* To do
When you reach the line that contains "A green glass lustre and a small example." in the data below, start reproducing lines exactly, and stop after the line that contains "Długa, czarna kurtka".

* Data excerpts

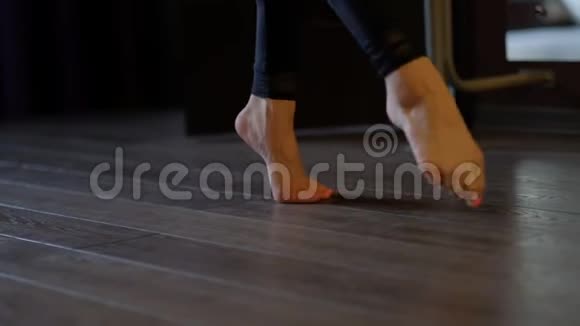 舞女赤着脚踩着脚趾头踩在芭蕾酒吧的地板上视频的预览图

==

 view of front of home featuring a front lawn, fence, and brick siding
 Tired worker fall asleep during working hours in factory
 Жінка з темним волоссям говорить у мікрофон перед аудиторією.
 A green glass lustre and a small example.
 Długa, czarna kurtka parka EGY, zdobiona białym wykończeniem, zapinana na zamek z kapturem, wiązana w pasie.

* Final answer
 A green glass lustre and a small example.
 Długa, czarna kurtka parka EGY, zdobiona białym wykończeniem, zapinana na zamek z kapturem, wiązana w pasie.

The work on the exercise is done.